Prompt: Set every entry down again, unchanged, picture-free.

Input data:
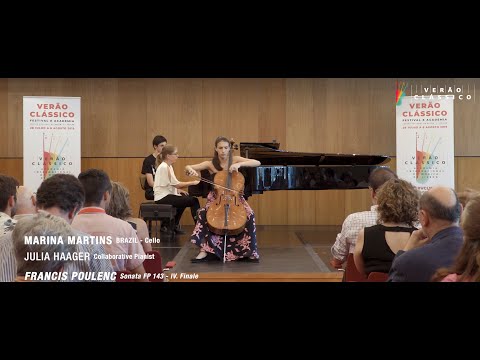 Festival VERÃO CLÁSSICO 2019 - TalentFest, Marina Martins (cello) - Poulenc
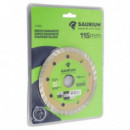 Disco Diamante Segmentado Turbo Saurium de 115mm para Hormigón y Piedra
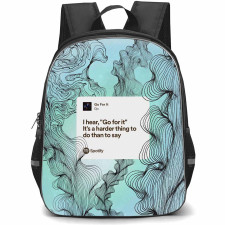 Djo Backpack StudentPack - Djo Go For It Spotify Playlist Poster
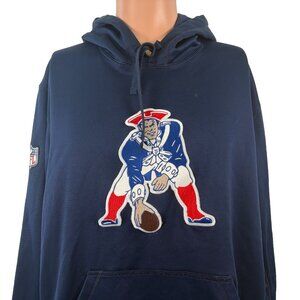 Nike New England Patriots Hoodie Sweatshirt Mens Size L NFL On Field Football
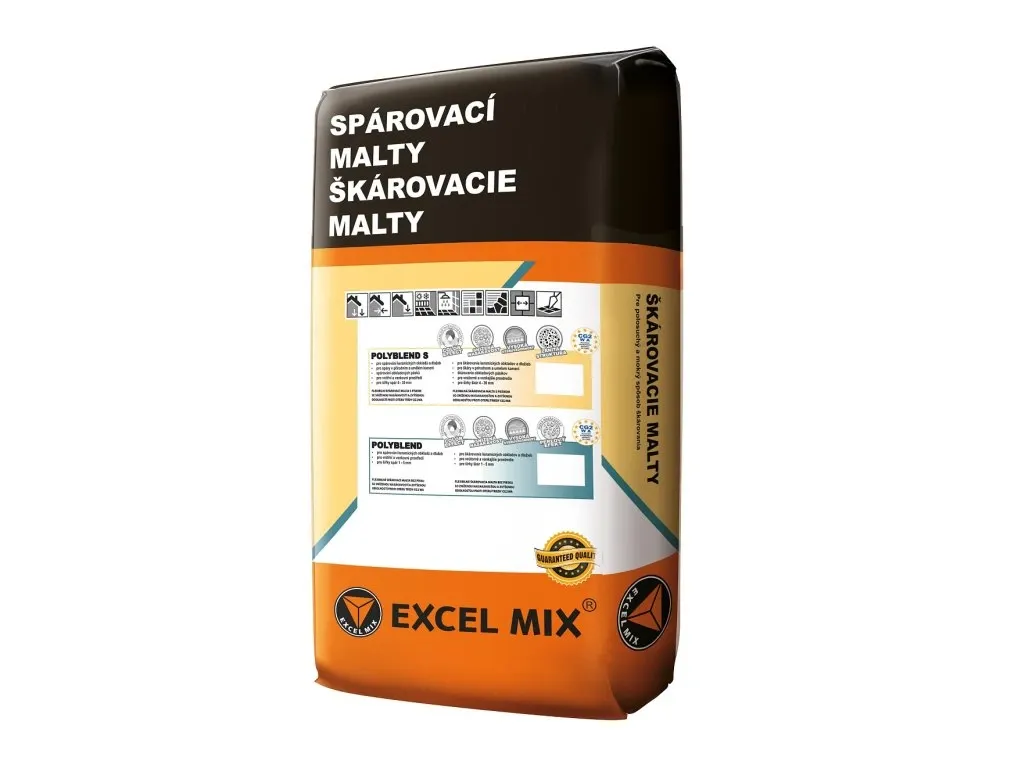 spárovací hmota.EXCELMIX polyblend S pískem, 35 mocca,  6kg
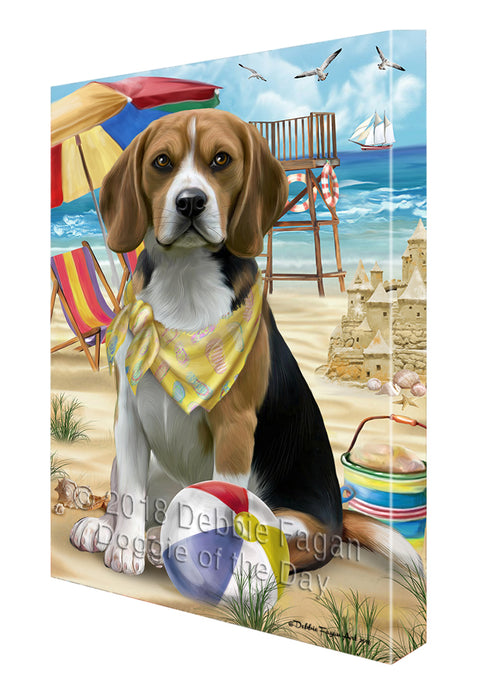 Pet Friendly Beach Beagle Dog Canvas Wall Art CVS52554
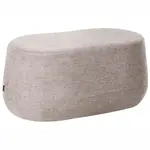 Beliani ČALOUNĚNÁ LAVICE Taupe Ashton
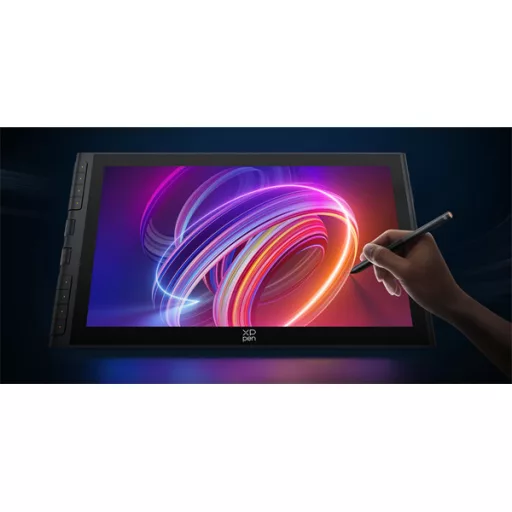 XP-PEN Grafikus kijelző - Artist 16 3nd gen. (15,4", IPS, 16:9, 1920x1080, 5080 LPI, PS 16K, 200 RPS, 8 gomb) fekete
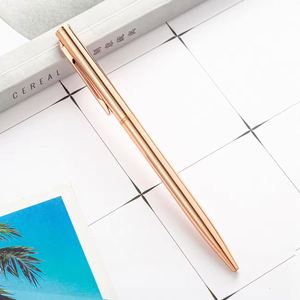 Rose <b>Gold</b> Metal Twist Ball Slim Luxury <b>Pen</b> With Custom Logo - Product Image 6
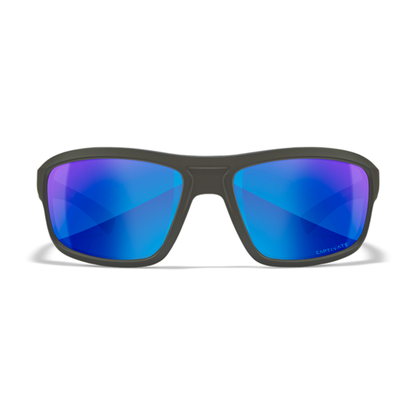 Wiley X CONTEND - Matte Graphite Frame - CAPTIVATE Polarized Blue Mirror Lens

Output of the exercise:
 Festival VERÃO CLÁSSICO 2019 - TalentFest, Marina Martins (cello) - Poulenc
 Disco Diamante Segmentado Turbo Saurium de 115mm para Hormigón y Piedra
 Djo Backpack StudentPack - Djo Go For It Spotify Playlist Poster
 Nike New England Patriots Hoodie Sweatshirt Mens Size L NFL On Field Football
 spárovací hmota.EXCELMIX polyblend S pískem, 35 mocca,  6kg
 Pet Friendly Beach Beagle Dog Canvas Wall Art CVS52554
 Beliani ČALOUNĚNÁ LAVICE Taupe Ashton
 XP-PEN Grafikus kijelző - Artist 16 3nd gen. (15,4", IPS, 16:9, 1920x1080, 5080 LPI, PS 16K, 200 RPS, 8 gomb) fekete
 Rose <b>Gold</b> Metal Twist Ball Slim Luxury <b>Pen</b> With Custom Logo - Product Image 6
 Wiley X CONTEND - Matte Graphite Frame - CAPTIVATE Polarized Blue Mirror Lens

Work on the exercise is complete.